What you will do →
Below this line are records; transcribe exactly the lines between the one holding "Phiên tòa giả" and the one holding "വർണക്കുടയുടെ പേരിൽ ധൂർത്തെന്ന്", inclusive, and omit the pictures.

Data for this task →
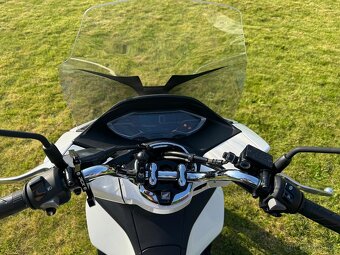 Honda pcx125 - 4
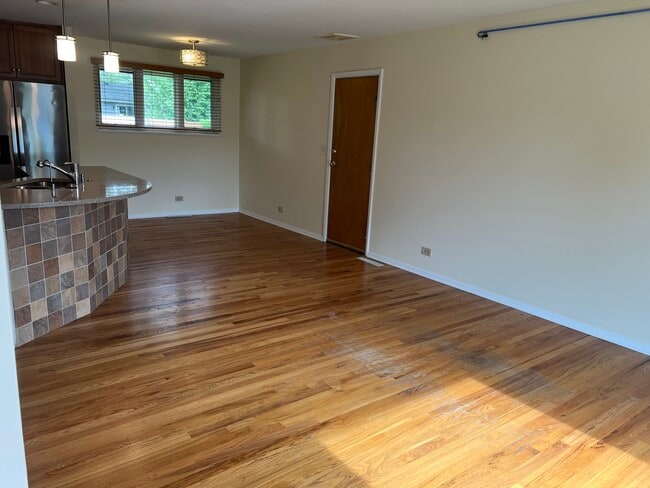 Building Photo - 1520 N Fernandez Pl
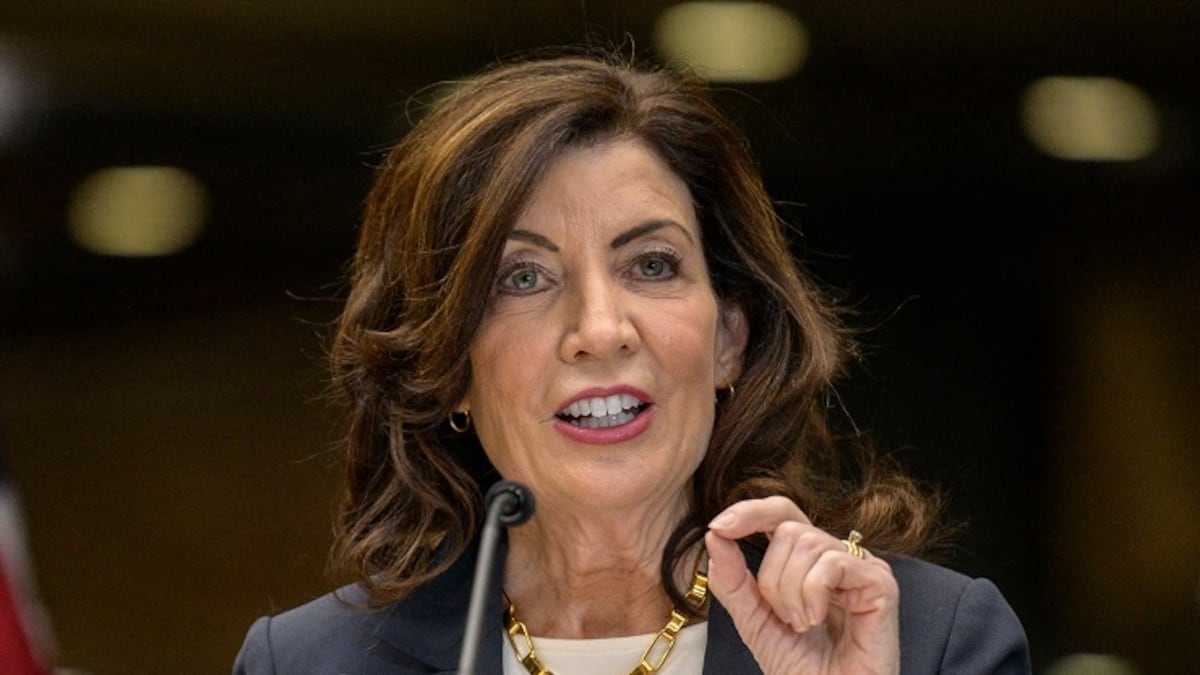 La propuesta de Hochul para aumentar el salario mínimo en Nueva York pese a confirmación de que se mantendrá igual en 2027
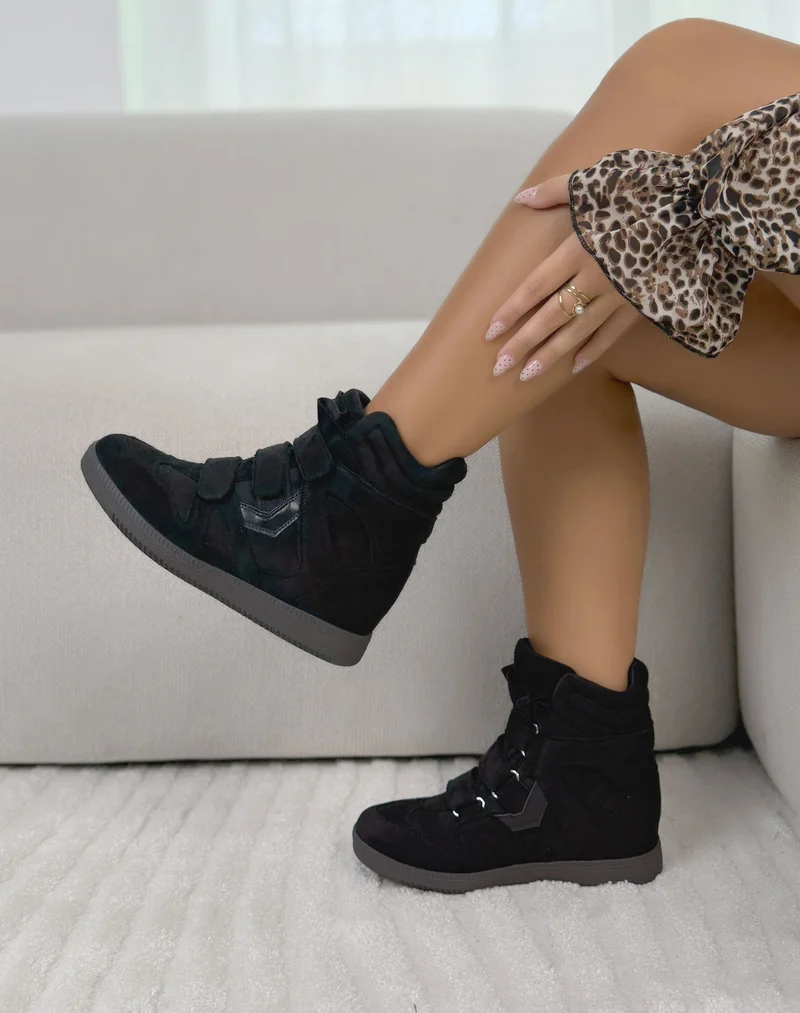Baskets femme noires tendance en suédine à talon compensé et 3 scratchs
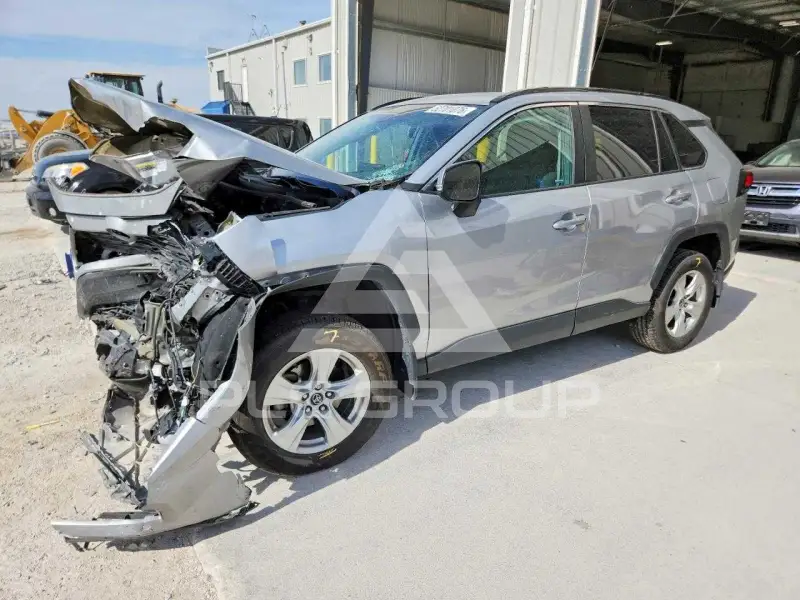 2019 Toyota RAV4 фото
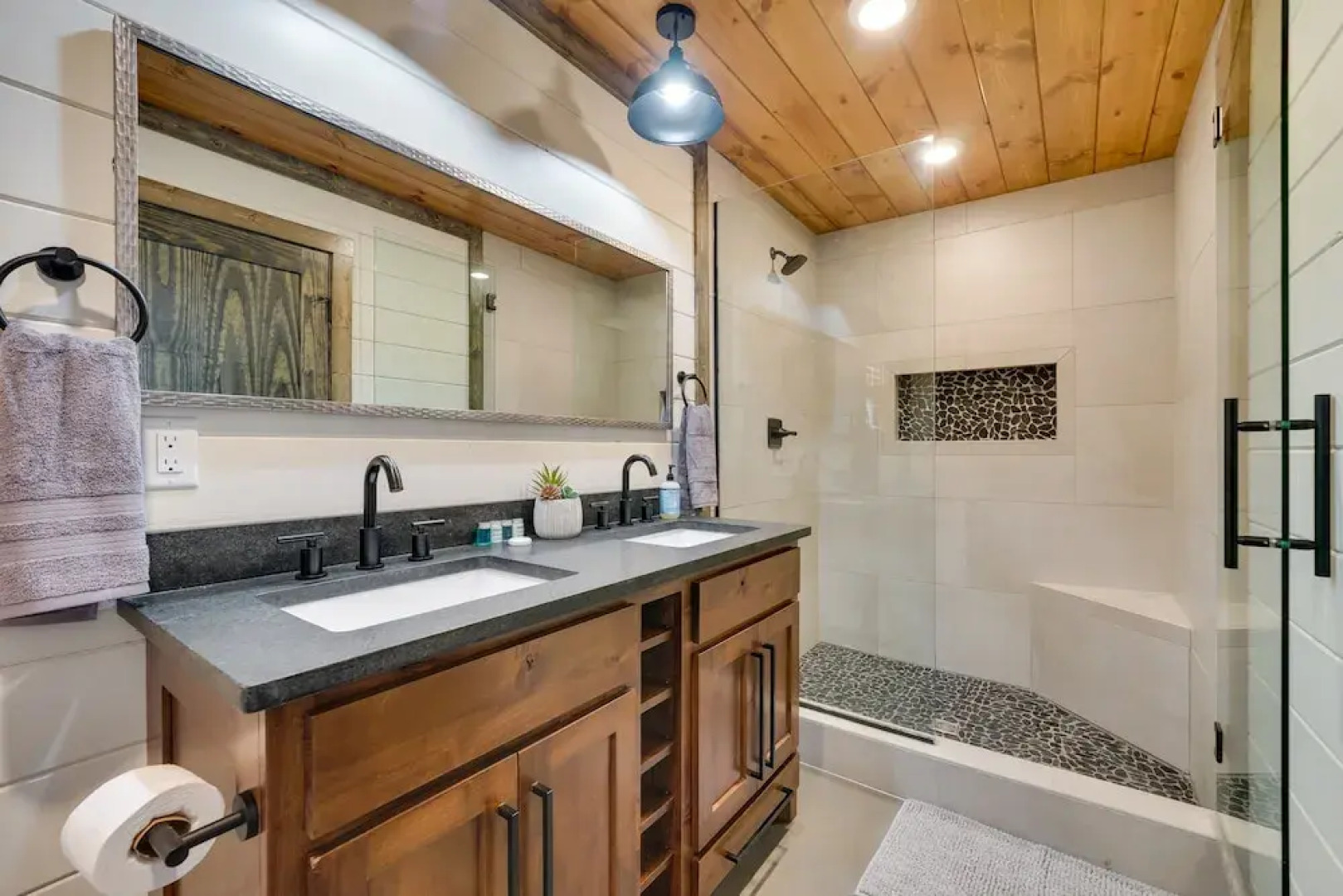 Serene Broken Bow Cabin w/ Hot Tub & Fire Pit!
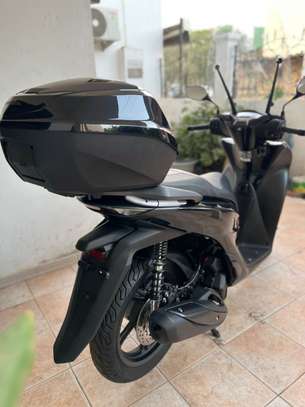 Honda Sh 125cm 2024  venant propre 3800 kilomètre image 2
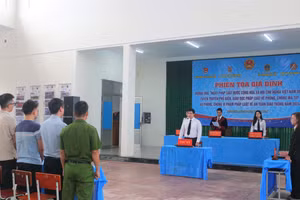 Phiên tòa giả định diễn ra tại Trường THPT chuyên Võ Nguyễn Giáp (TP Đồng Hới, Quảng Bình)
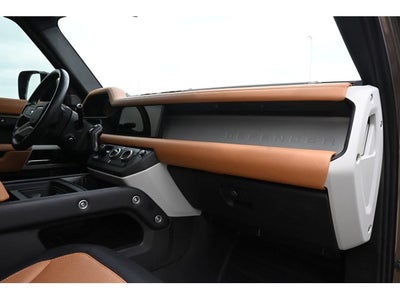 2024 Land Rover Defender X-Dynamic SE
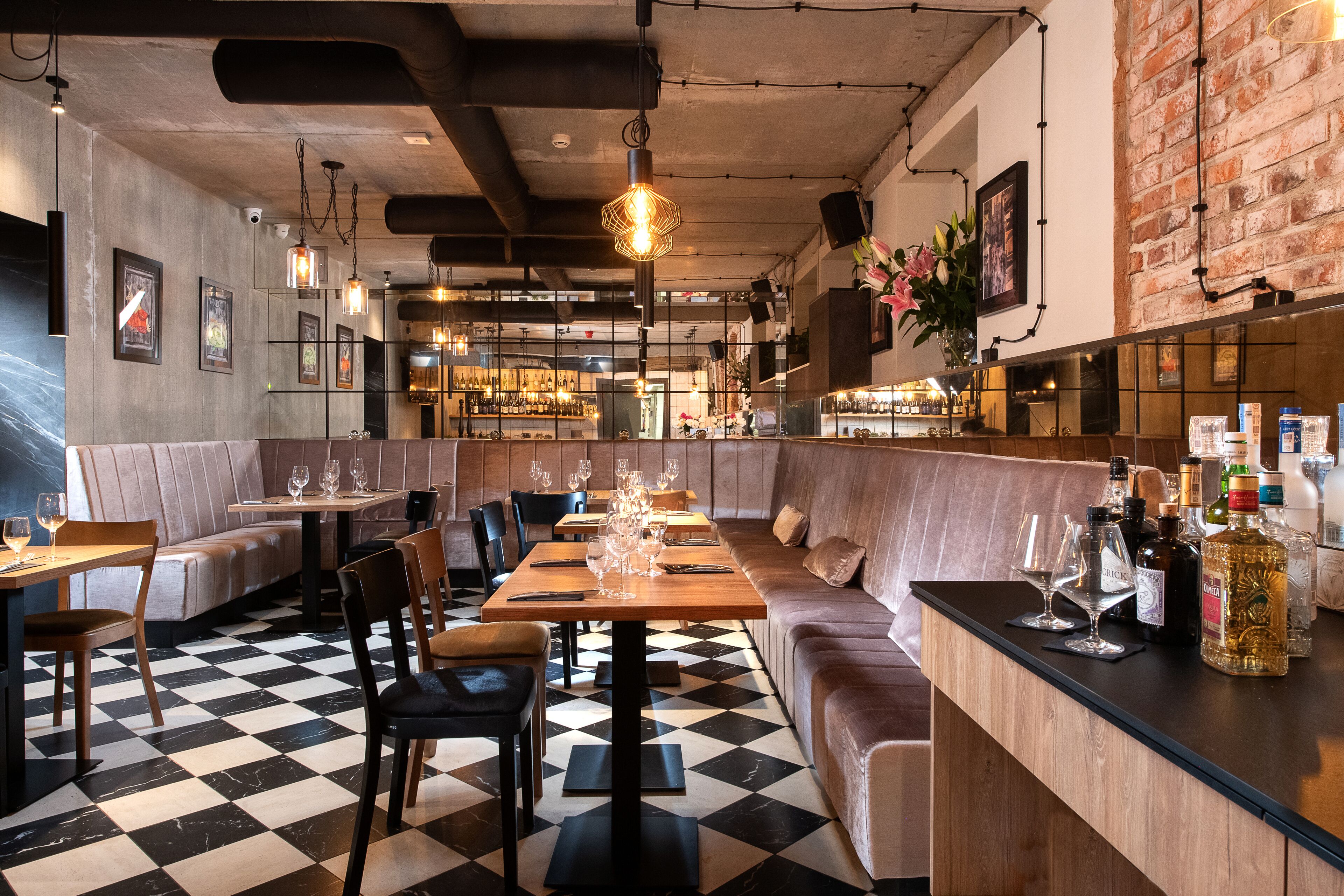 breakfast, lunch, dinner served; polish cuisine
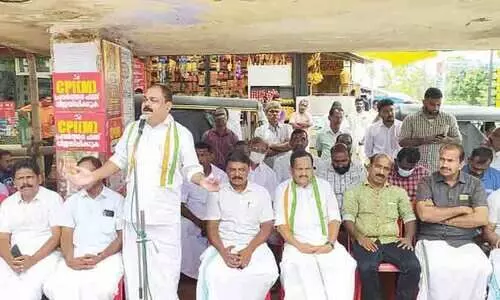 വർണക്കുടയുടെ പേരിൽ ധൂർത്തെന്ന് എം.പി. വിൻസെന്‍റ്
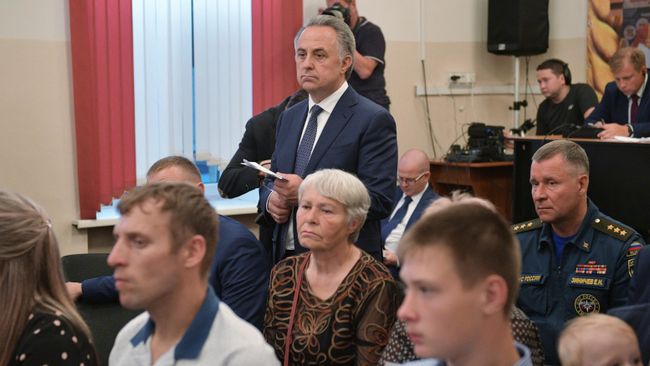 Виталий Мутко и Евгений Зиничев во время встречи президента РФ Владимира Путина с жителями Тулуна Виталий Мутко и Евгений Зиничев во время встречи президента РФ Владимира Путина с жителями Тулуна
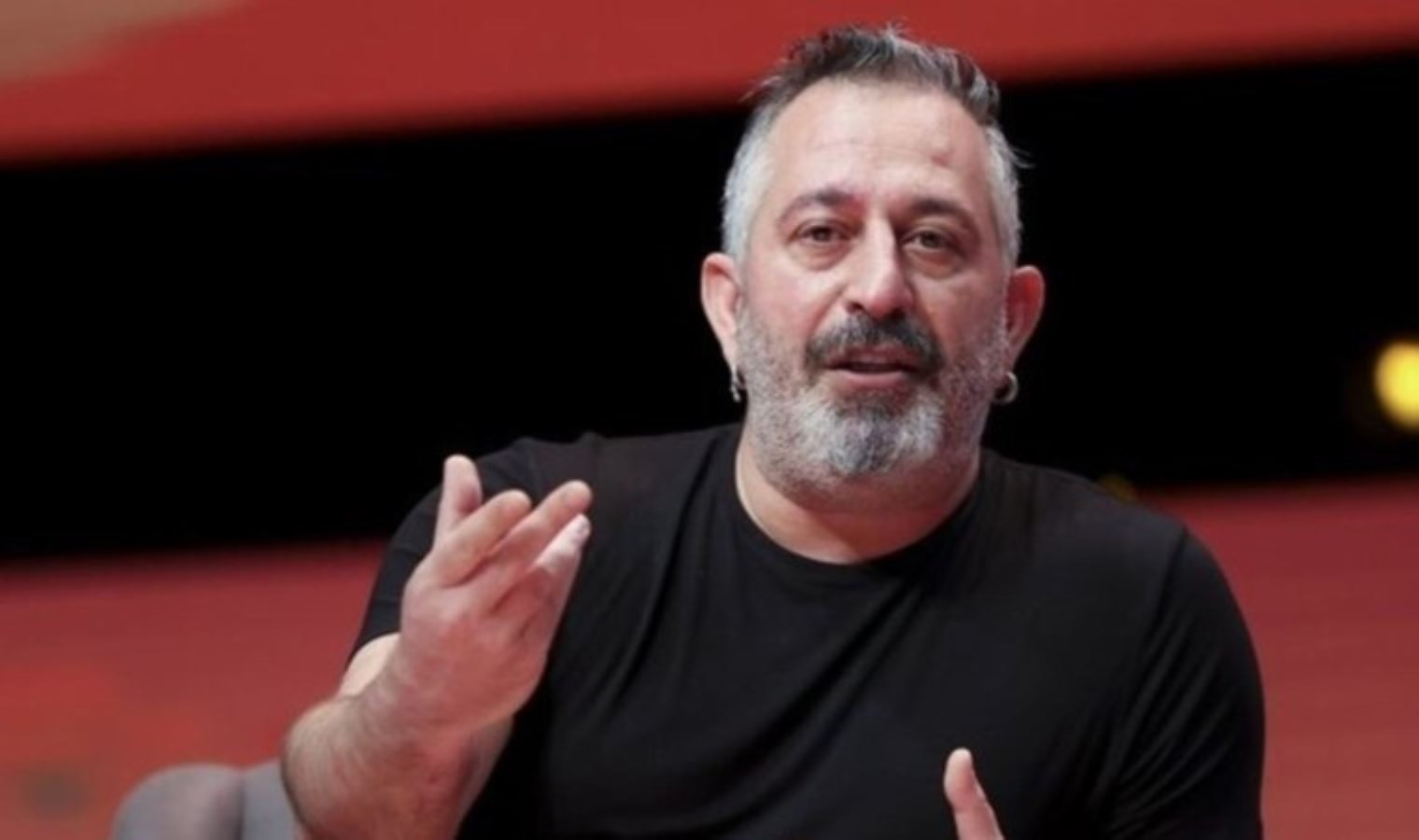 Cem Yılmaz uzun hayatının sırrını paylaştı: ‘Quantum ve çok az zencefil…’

Solution for this exercise →
 Phiên tòa giả định diễn ra tại Trường THPT chuyên Võ Nguyễn Giáp (TP Đồng Hới, Quảng Bình)
 2024 Land Rover Defender X-Dynamic SE
 breakfast, lunch, dinner served; polish cuisine
 വർണക്കുടയുടെ പേരിൽ ധൂർത്തെന്ന് എം.പി. വിൻസെന്‍റ്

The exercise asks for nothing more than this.